Last Saturday in Soho, teen rapper Keith “Chief Keef” Cozart parked his SUV as a lick of marijuana smoke snaked from a half-rolled-down window. Inside, a smiling face wrapped in mini- dreadlocks: Chief Keef was in town for a headlining show at the Best Buy Theater.
The car inched up the block to the Beats by Dre store for an in-store signing celebrating the unveiling of Chief Keef’s signature headphones. Mr. Keef and members of his Glory Boyz Entertainment posse headed indoors, where they complained about New York weed.
“It’s weak as fuck,” Mr. Keef told the Transom. Luckily, NYC has many delivery services, and several drug deals were soon completed.
This was Mr. Keef’s first public appearance in New York since the release of his debut album, Finally Rich, an odd title given that he’s only 17 years old. (Last year Mr. Keef signed a $6 million dollar deal with Interscope.)

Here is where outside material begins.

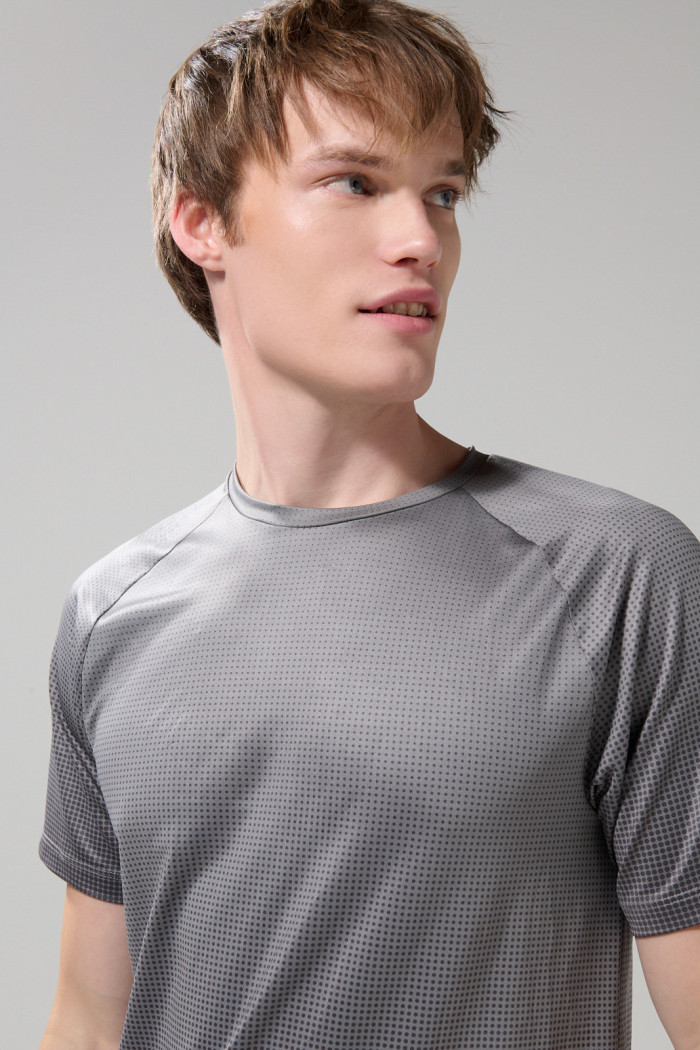 Camiseta gris medio estampada con manga ranglan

Then again, Mr. Keef is lucky he’s rich, considering his criminal record. At 16, Mr. Keef, who hails from Chicago’s South Side, was sentenced to house arrest for pulling a gun on a cop. Last summer, when a rival rapper was shot dead, Mr. Keef seemed to brag about it on Twitter. A few weeks later, he did a photo shoot with Pitchfork at a gun range, violating his parole, and spent two months in juvie.
The initial arrest likely helped his career. Stuck at his grandmother’s house, Mr. Keef recorded dozens of songs with GBE, including the hit “I Don’t Like,” which received more than 25 million views on YouTube.
Mr. Keef has even been arrested twice in the past two weeks. First for smoking weed at a five-star hotel in Atlanta while celebrating Spring Breakers star Gucci Mane’s album release. (Mr. Mane recently signed Mr. Keef to his informal Bricksquad crew.) A few days later, back in Illinois, Mr. Keef was arrested for going 110 mph on the highway. A video shows a cop pulling a stack of money from Mr. Keef’s vest pocket. “Uh, that’s eight thousand,” the rapper is heard telling the police.
While he may enjoy driving fast, Mr. Keef walks at approximately 0.02 miles an hour. He doesn’t speak much, but when he does, he’s usually smiling, cracking a joke. When asked about his beef with Katy Perry, who tweeted that his new single “Hate Bein Sober” made her have “serious doubt for the world,” he smiled and shook his dreads: “I don’t give a fuck,” he said.
Back at the hotel, a young lady in tight acid-washed jeans was waiting in the lobby. Mr. Keef—take-out pizza in one hand, the girl’s hand in the other—rode the elevator up to his room, emerging a few hours later: showtime.
People assume backstage at a rap concert is like what they hear about rock concerts—booze, drugs, groupies. But there were no women or booze at the Best Buy Theater. There was, however, an 8-year-old kid named Godfrey whom Mr. Keef had met outside when the kid’s mom ran up to him and told him she couldn’t afford a ticket.
Around 10:30 p.m., NYPD’s hip-hop task force burst into the quiet dressing room. Four cops in streetwear huddled Mr. Keef and his manager, Dro, into the bathroom. No reason was given. Things worked out, though, and Mr. Keef took the stage an hour later, along with his entire posse and even little Godfrey, who danced around the stage without his shirt on.